Although various cosmological observations congruously suggest that our universe is dominated by two dark components , the cold dark matter without pressure and the dark energy with negative pressure , the nature and origin of these components is yet unknow .
The generalized Chaplygin gas ( gCg ) , parametrized by an equation of state , p = - A / \rho _ { gCg } ^ { \alpha } , was recently proposed to be a candidate of the unified dark matter/energy ( UDME ) scenarios .
In this work , we investigate some observational constraints on it .
We mainly focus our attention on the constraints from recent measurements of the X-ray gas mass fractions in clusters of galaxies published by Allen et al .
( 2002,2003 ) and the dimensionless coordinate distances to type Ia supernovae and Fanaroff-Riley type IIb radio galaxies compiled by Daly and Djorgovski ( 2003 ) .
We obtain the confidence region on the two parameters fully characterizing gCg , A _ { s } \equiv A / \rho _ { { gCg } 0 } ^ { ( 1 + \alpha ) } and \alpha , from a combined analysis of these databases , where \rho _ { { gCg } 0 } is the energy density of gCg at present .

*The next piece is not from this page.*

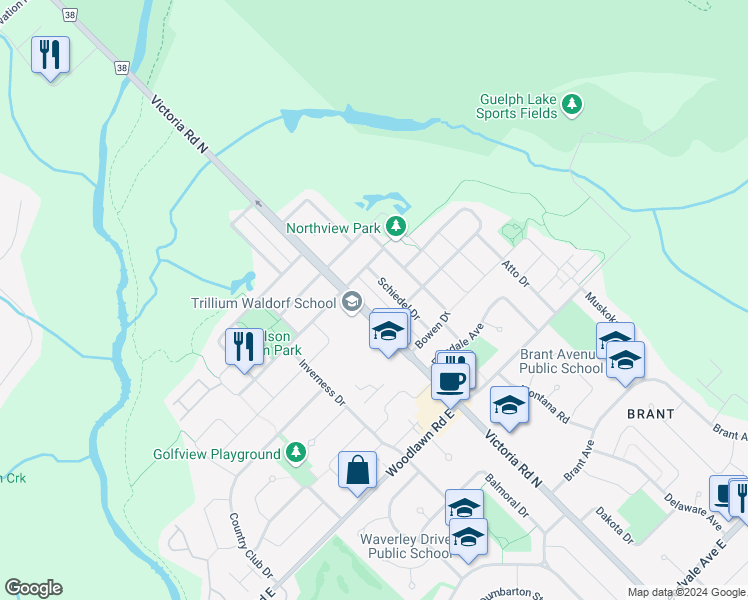 map of restaurants, bars, coffee shops, grocery stores, and more near 559 Leader Lane in Guelph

It is found that A _ { s } = 0.70 ^ { +0.16 } _ { -0.17 } and \alpha = -0.09 ^ { +0.54 } _ { -0.33 } , at a 95 % confidence level , which is consistent within the errors with the standard dark matter + dark energy model , i.e. , the case of \alpha = 0 .
Particularly , the standard Chaplygin gas ( \alpha = 1 ) is ruled out as a feasible UDME by the data at a 99 % confidence level .